La diversidad de las historias en diferentes ciudades trae el
recuerdo de todas aquellas películas de los sesenta y setenta que se
articulaban en episodios o que transcurrían en locaciones turísticas como valor
agregado. El elenco es multiestelar y va desde estrellas internacionales como
Anthony Hopkins, Jude Law, Rachel Weisz o Ben Foster hasta estrellas reinantes
sólo en su país de origen como la brasileña María Flor o el alemán Moritz
Bleibtreu. Y las historias van del viejo y querido adulterio hasta otras mucho
menos transitadas como la del violador en recuperación. Morgan y Meirelles
quieren patentizar aquello siempre rendidor del azar y el destino, pero son los
personajes los que terminarán implantándose o no en nuestra memoria.

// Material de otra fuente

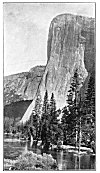 EL CAPITAN (TO-TAU-KON-NU'-LA),<BR>
3,300 Feet.<BR>
The Indians believe that this great rock grew from a small boulder. See ''Legend of the Tul-tok'-a-na.''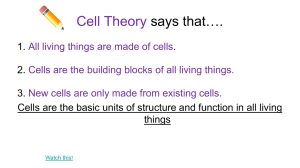 Cell Theory says that….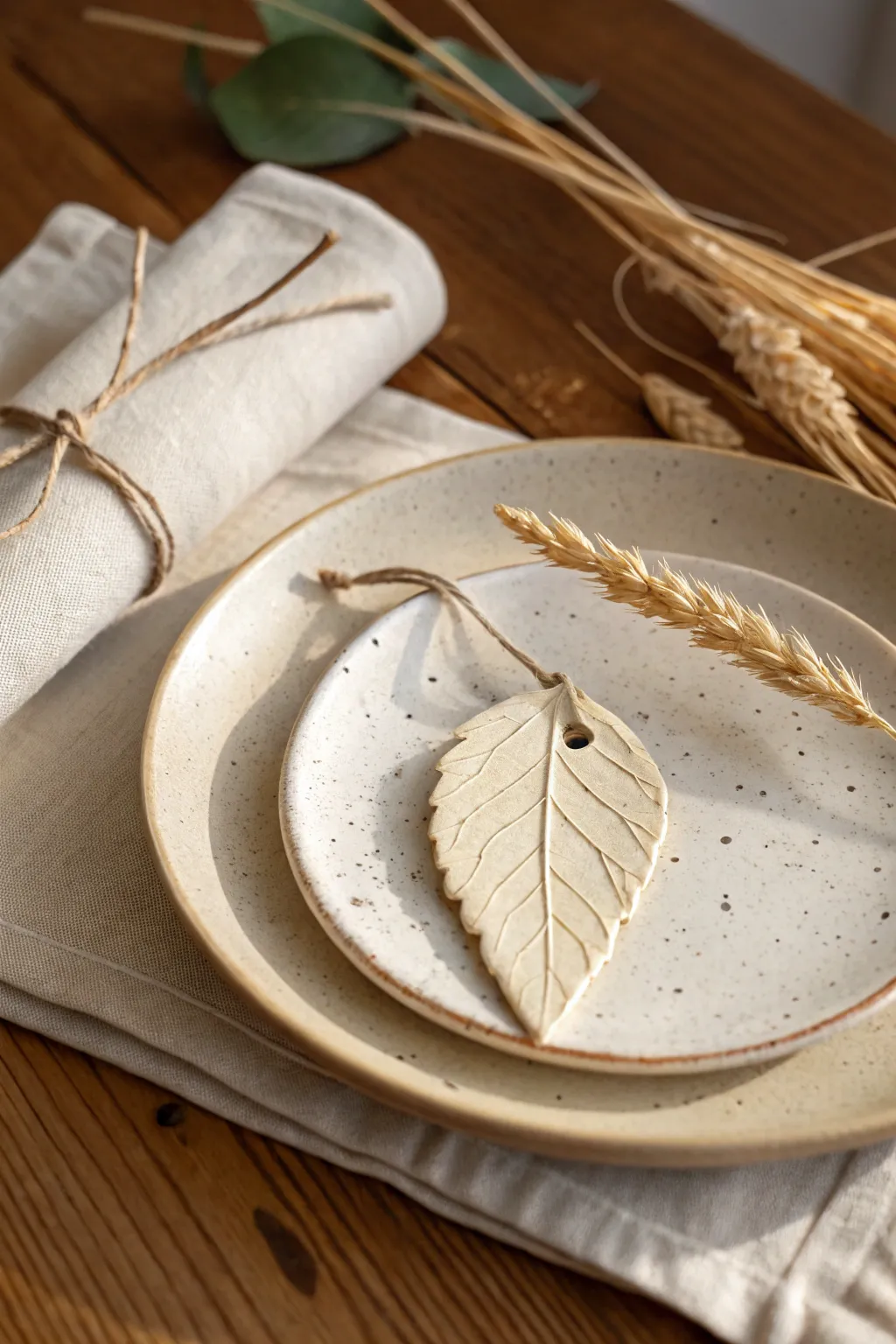 Minimal Thanksgiving leaf place cards in air dry clay, styled with wheat and linen.
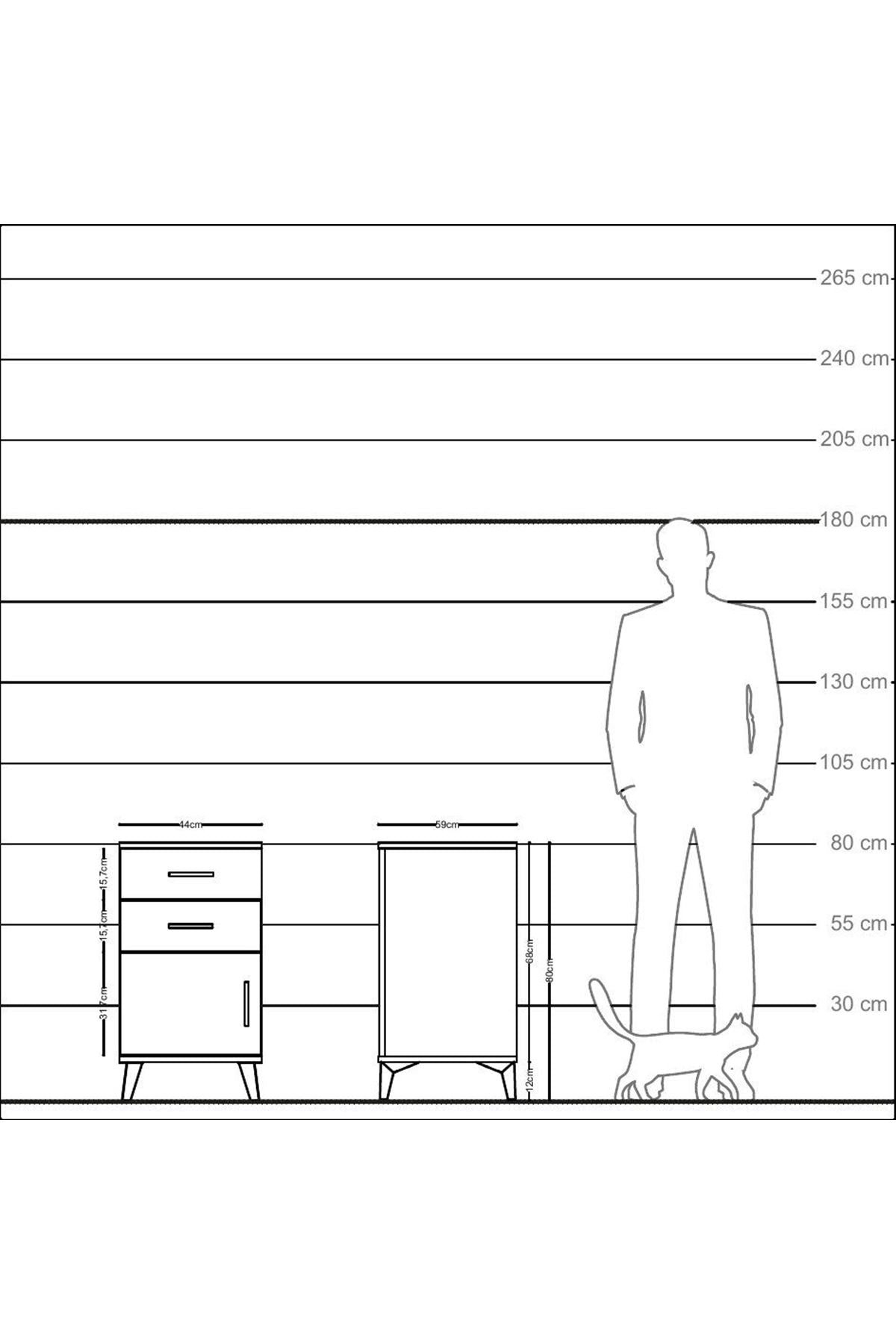 Kronos Komodin Tek Raflı 2 Çekmeceli Tek Kapaklı 44x59x80 Aytaşı-Çam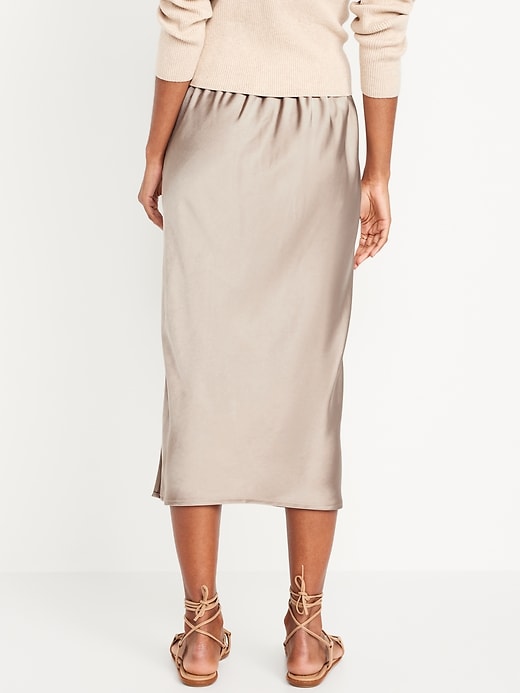 Image number 2 showing, High-Waisted Satin Midi Slip Skirt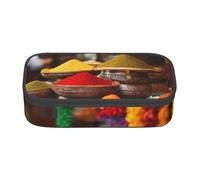 WenDang Condiments Spices - Bolsa de papelería multifuncional, apta para viajes, suministros de oficina, maquillaje y organización de escritorio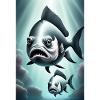 Schwarz-weißes gruseliges Fisch-Design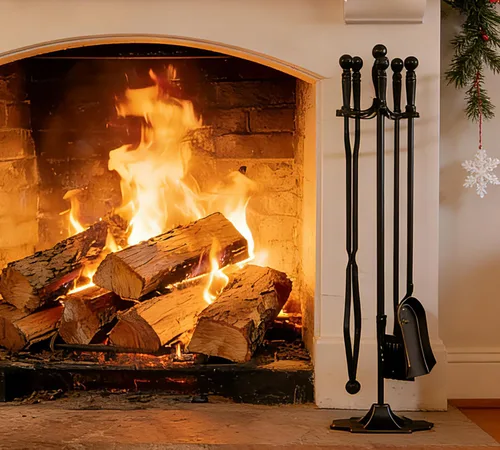 Vista 2 de Juego de herramientas de chimenea de hierro forjado negro, 5 piezas, para estufa de leña, pinzas de tronco, accesorios de chimenea de alta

A mí me hicieron más mella la historia del aeropuerto con
Hopkins, María Flor y Ben Foster y la de Londres con Rachel Weisz, más que nada,
porque como ya he confesado más de una vez en estas páginas, la amo hasta el
delirio, la chica es hermosa, tiene una voz acariciante y talento para
repartir.
Lo de Hopkins viene con un chusmaje. El hombre tiene una larga
historia de pelear y haber vencido adicciones varias y quería que algo de eso
apareciera en la película. Morgan y Meirelles coincidieron con que la
sugerencia sumaría a su personaje y agregaron la secuencia de Alcohólicos
Anónimos, en la que Hopkins hace un desparramo de talento que yo venía
extrañando desde los tiempos de Lo que
queda del día.
La película fue elogiada o denostada por los mismos motivos:
su ambición, su elegancia, la elocuencia de sus historias. De modo que todo se
reduce al lugar donde uno se para. Yo me paro entre los que la aprecian. Meirelles
es un director que me gusta. Soy sensible a su buen gusto visual, a su banda de
sonido tan sofisticada como bella y a su talento narrativo. De allí que la
recomiendo, uno pasa un par de horas de lo más agradables y estimulantes. Para
un fin de semana que se anuncia lluvioso ¿qué más se puede pedir?